Her Prince, the American tenor Evan LeRoy Johnson (pictured below with Matthews), is hardly less impressive: aptly a full foot taller than his poor fairy bride, but matching her in lyric quality and, I suspect (not knowing the language) in feeling for the Czech idiom. Their final duet, ending with her kiss of death, is a wonderfully delicate, intimate climax to these elaborate, haunting goings-on. There is much else to praise. Alexander Roslavets makes of the Vodnik (Water Spirit) a figure both fearsome and, in an Alberich sort of way, grandly sympathetic. Colin Judson and Alex Le Saux are a witty foil, as the Gamekeeper and Scullery Maid who later tangle, Bottom-like, with the fairy element; Patricia Bardon makes something perhaps a shade too likeable of Ježibaba, a nicer witch, it’s true, than the one in Hansel and Gretel, which isn’t saying much. Zoya Tsererina does the most possible with the Foreign Princess, here directed as a sort of smart PA, if not quite such as to cause flutters of jealousy among the nymphs of the typing pool. The character is a failure of Dvořák’s, not Still’s; but she could perhaps be sexed up a touch more by the director.

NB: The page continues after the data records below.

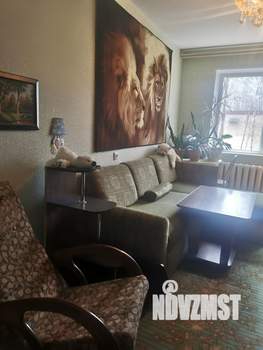 3-к квартира, вторичка, 59м2, 1/5 этаж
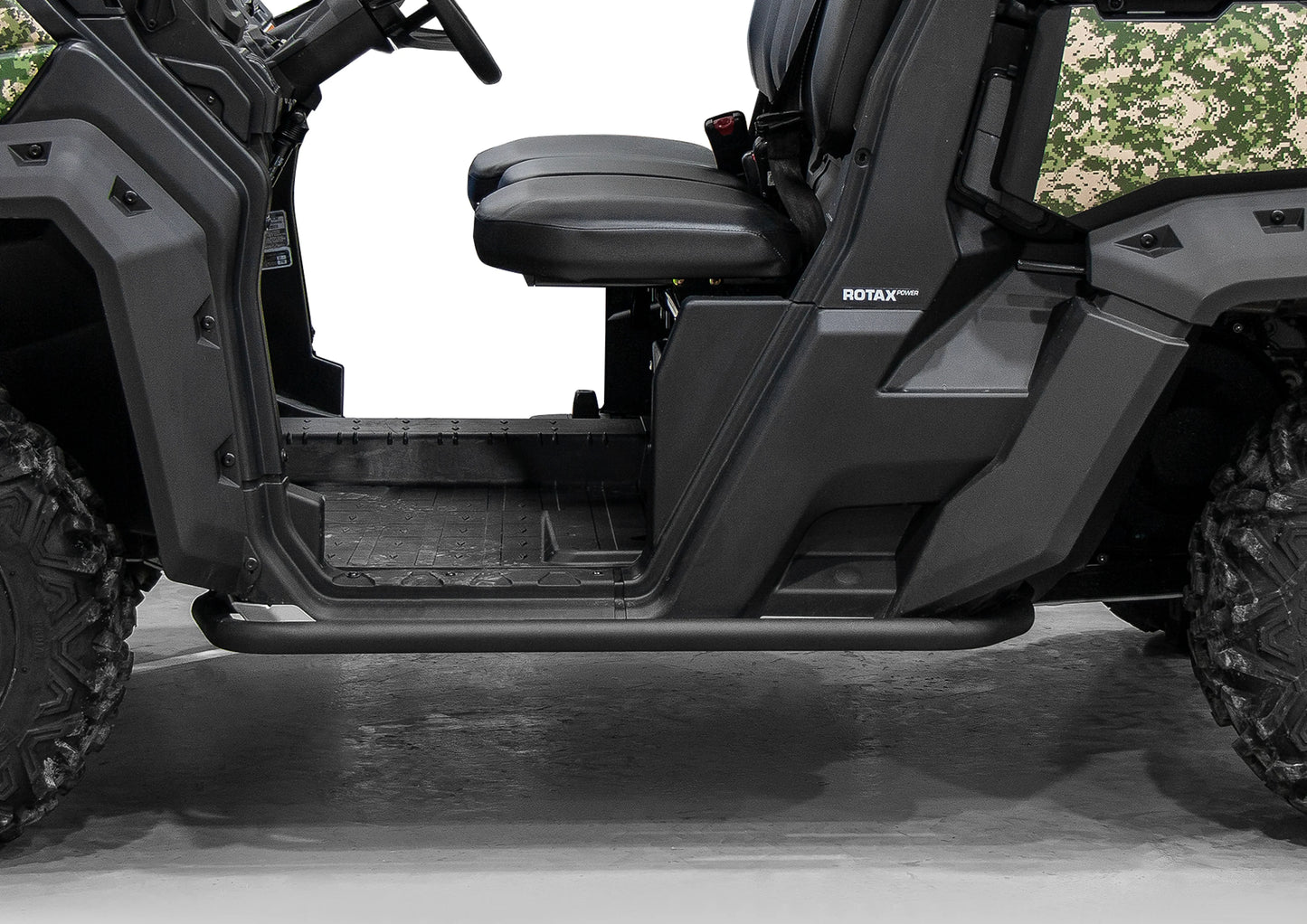 Rival - Can-Am Defender HD5/HD7/HD8/HD9/HD10 (excl Max) Rock Sliders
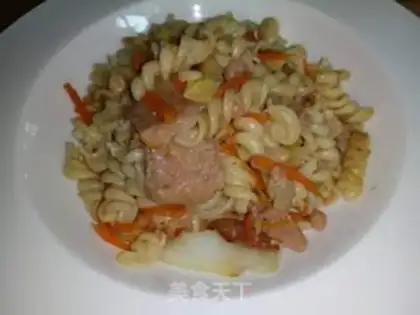 Make Noodles step 11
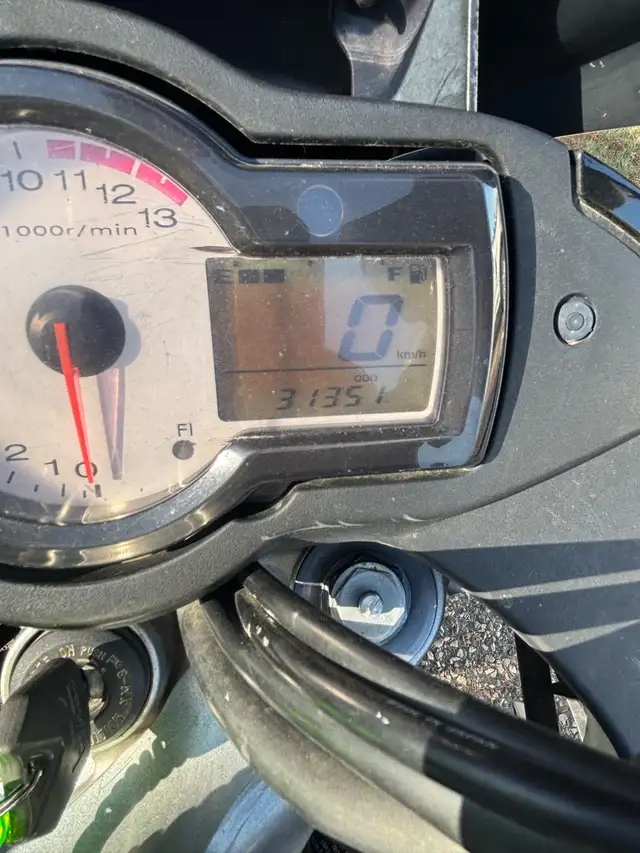 2007 Kawasaki Versys 650cc in Sport Touring in Medicine Hat - Image 7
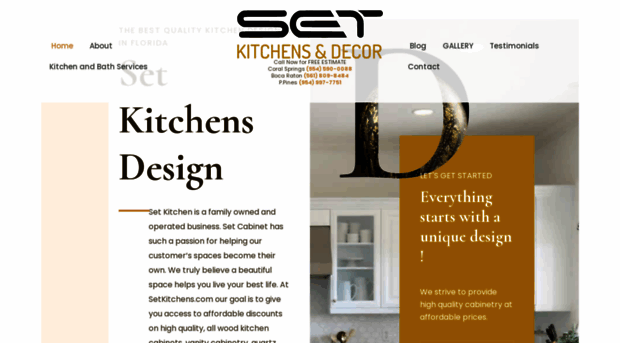 setkitchens.com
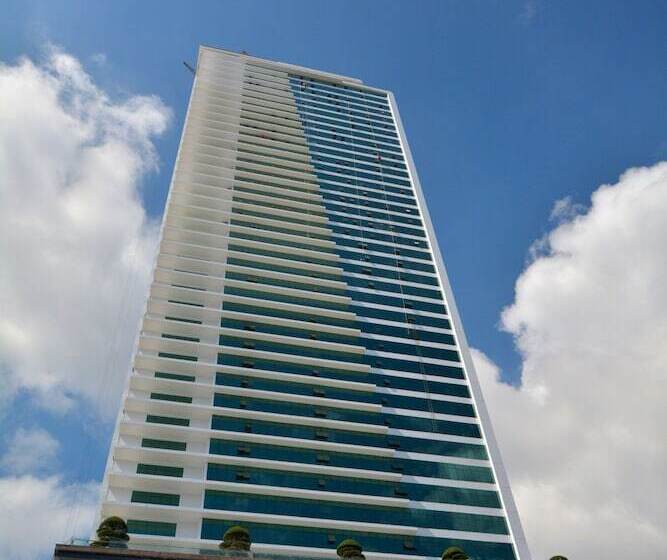 酒店 Muong Thanh Luxury Nha Trang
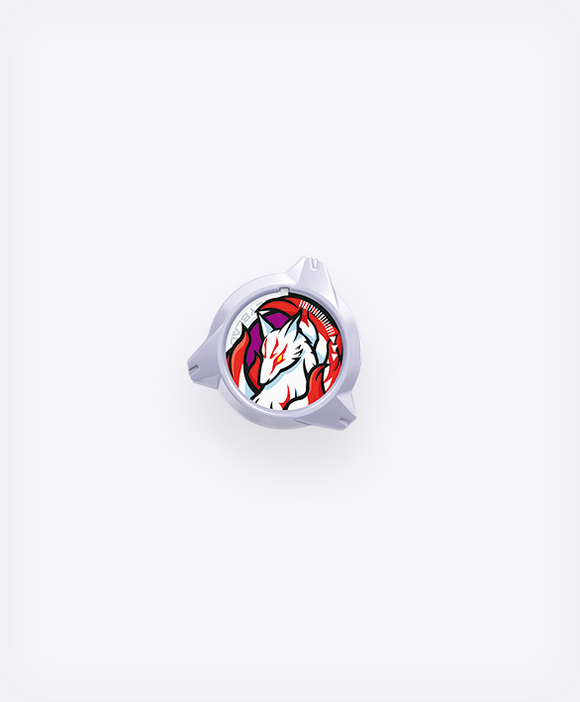 Takara Tomy Beyblade X | CX Parts - Lock Chip - Fox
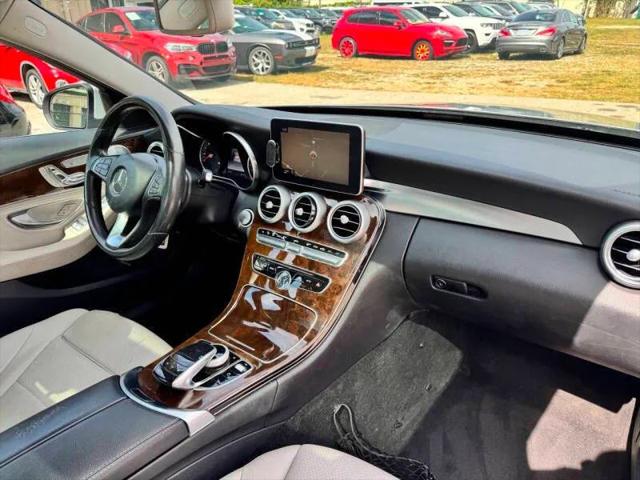 2015 Mercedes-Benz C-CLASS C 300 C 300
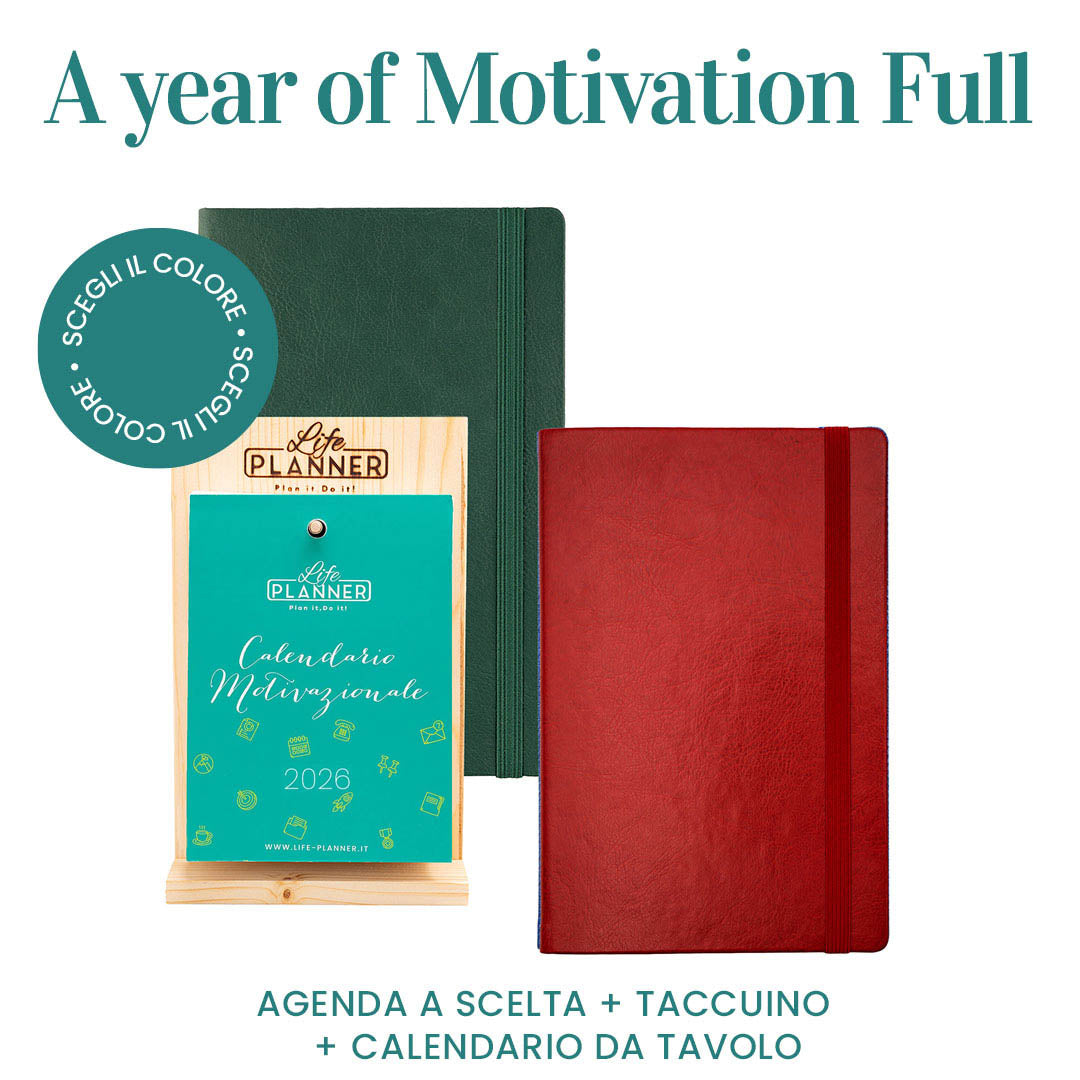 [BUNDLE] A year of motivation FULL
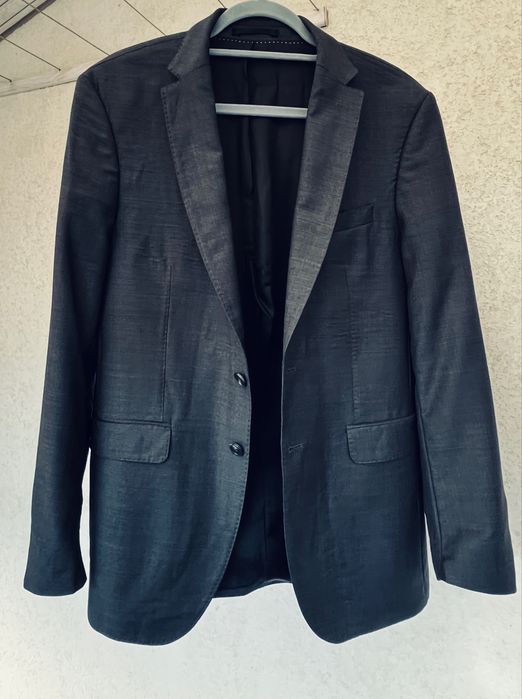 Сако Ermenegildo Zegna - ултра лукс и съвършен силует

Admirably upfront chorus nymphs (literally so as they shake their breasts in the refrains of their opening chorus), some clever dance acrobatics, and above all hugely eloquent, stylish orchestral playing by the LPO under Robin Ticciati, whom I last heard conducting Glyndebourne’s Pelléas at the Proms. His feeling for the shape and flow of this music of the early 1900s gets more and more complete, not least because these works may inhabit the same world but speak different languages: the Rusalka problem precisely, here, at least, solved.